THE OCEAN – Holocene
So wie sich die Erde über Jahrmillionen konstant verändert, so verändert sich das Gesicht der Berliner Modern Progressive Post Metaller The Ocean. Mit jedem Album entwickeln sie sich weiter weg vom Metalcore-Sound zu Beginn dieses Millenniums, hin zu anspruchsvollen Klängen, die einen herausfordern ohne zu überfordern, die explodieren und verführen. Auch ist die einzige Konstante Gründer Roben Stabs, ansonsten bestimmt Transformation die Personalie im The Ocean Collective. Mit „Holocene“ (Pelagic Records) nähert sich der Sechser der Gegenwart der Erdgeschichte.
In acht Kapiteln widmen sich The Ocean dem Antlitz der Erde, wie wir sie im allgemeinen kennen, mit den fünf Kontinenten und seinen Klimazonen, den beiden großen Ozeanen und dem verschiedenen Meeren. Eine vielschichtige Thematik, die sie versuchen, musikalisch umzusetzen. Ob die Lieder die erdgeschichtliche Entwicklung emotional und intellektuell widerspiegeln ist schwer zu sagen, doch die 52 Minuten von „Holocene“ fesseln einen, wie eine gute, spannende Geschichte, ob man sie bis ins Detail versteht oder nicht. Exemplarisch steht dafür der kompakte Opener ,Preboreal‘ – die Zeit 9.000 bis 8.000 Jahre vor dem Jahre Null – mit seiner Dramatik auf der einen Seite und seiner Gelassenheit auf der anderen.
Die Vertonung der Erdgeschichte schreitet voran
Es passiert sehr viel, wenn souverän ruhige Teilstücke in brandenden Tumult übergehen, Melodien, in denen man sich verlieren kann und Rhythmen einen zum Tanzen zu einander finden oder Synthesizer-Einsätze den Sound verfeinert.
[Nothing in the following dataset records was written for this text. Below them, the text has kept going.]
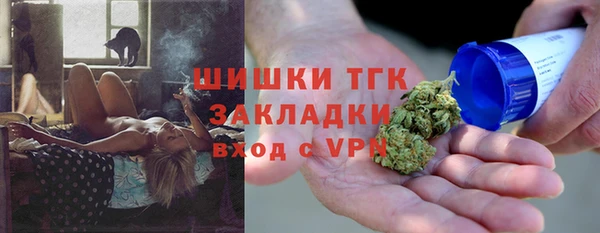 амф Михайлов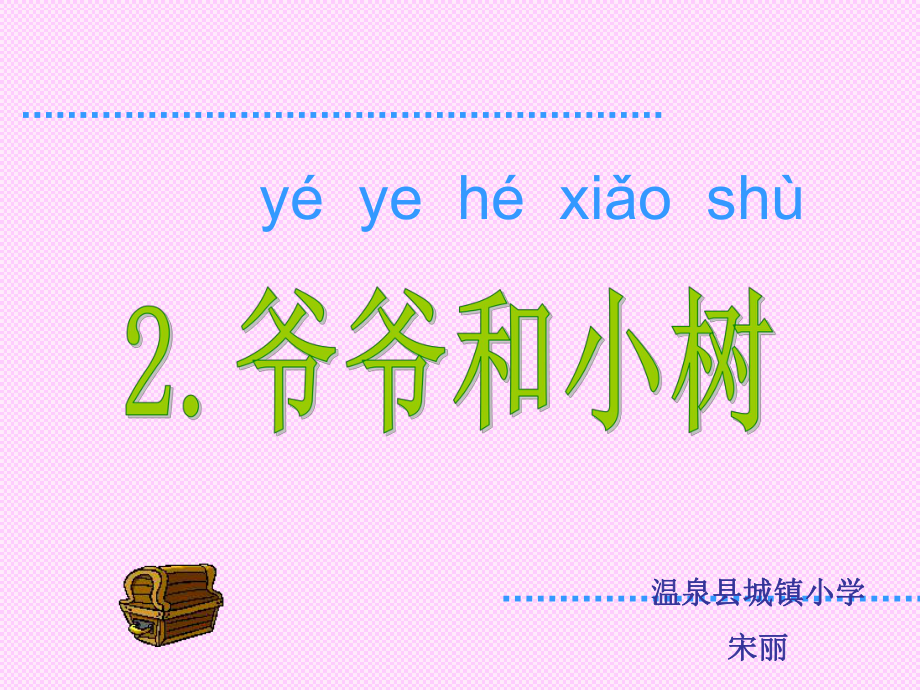 课文2爷爷和小树PPT课件宋丽_第1页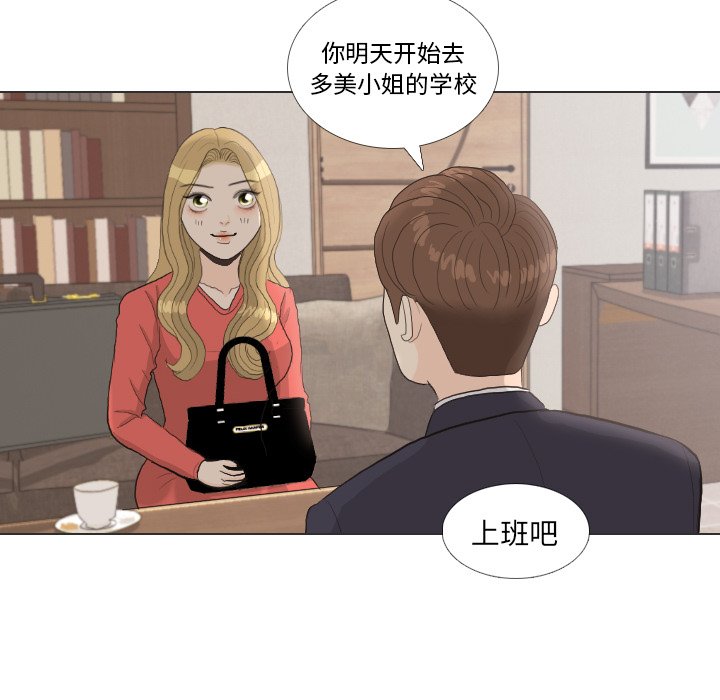 第35話 - 第83张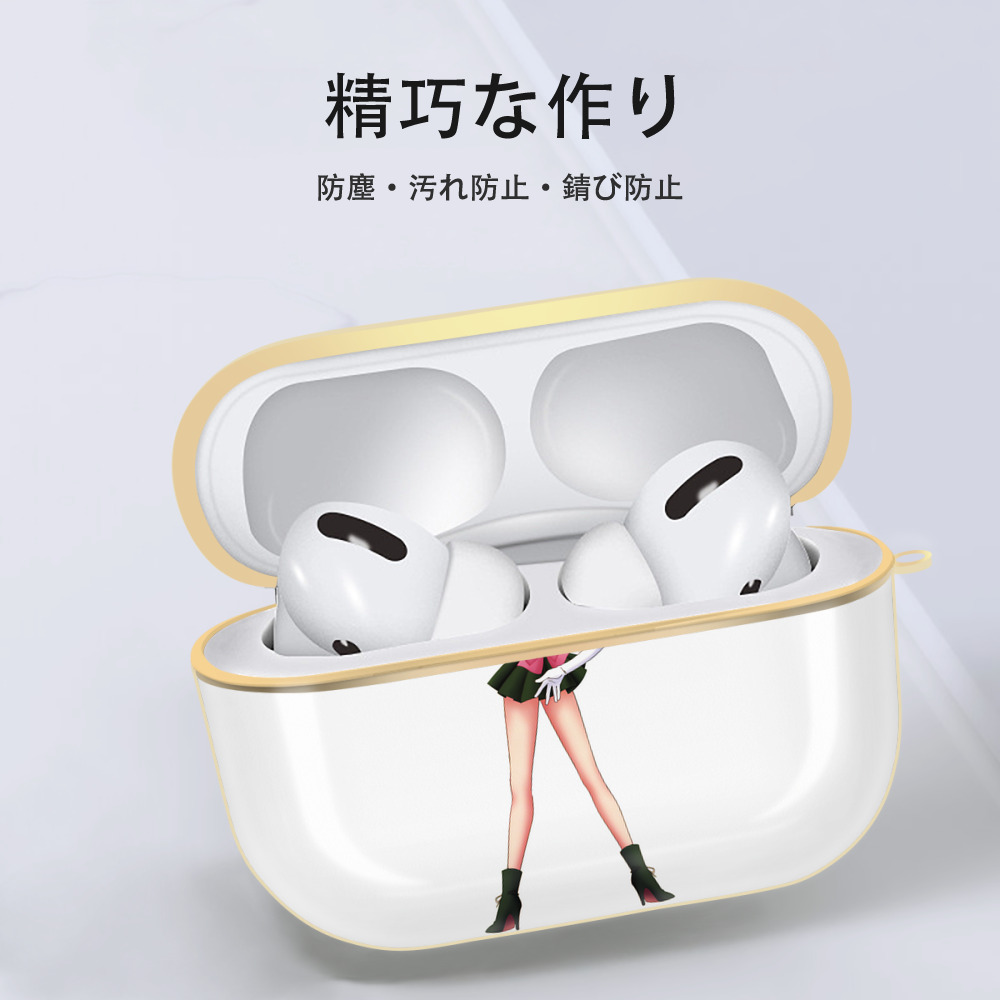 美少女戦士セーラームーン 木野 まこと きの まこと Sailor Moon Kino Makoto （セーラージュピター；Sailor Jupiter） 【AirPods Pro用】ハードシェル保護ケース｜耐衝撃・防指紋・カラビナ付き商品仕様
Jeder Ton, jede Note, jedes der mannigfaltigen eingesetzten Instrumente klingt wohl arrangiert, passt zum nächsten und bildet am Ende ein großes, wohlgefälliges Ganzes. „Holocene“ nimmt den Hörer gefangen mit seinen schmeichelnden Harmonien, nur ihn dann durchzuschütteln und mit einem wehmütigen Opus wie ,Unconformities‘ – vorgetragen mit etwas Kate Bush-Appeal von Karin Park – wieder zu erden.
Das multinationale Sextett fährt so viele Ideen, so viele erzählerische Ebenen auf, dass man meinen könnte, sie müssen irgendwann den Faden verlieren. Doch gekonnt umschiffen sie jede Langweile, jede Länge, halten die Spannung und Entspannung, Quantität und Qualität auf einem ausgewogenen Niveau. Wiederholungen oder bekannte, vertraute Versmaße sind kaum erkenntlich, und doch bleiben die Stücke nachvollziehbar dank der ausgefeilten Songwriting-Kompetenz, die sich das Kollektiv über die Jahre durch die vielzählig involvierten Musiker angeeignet hat.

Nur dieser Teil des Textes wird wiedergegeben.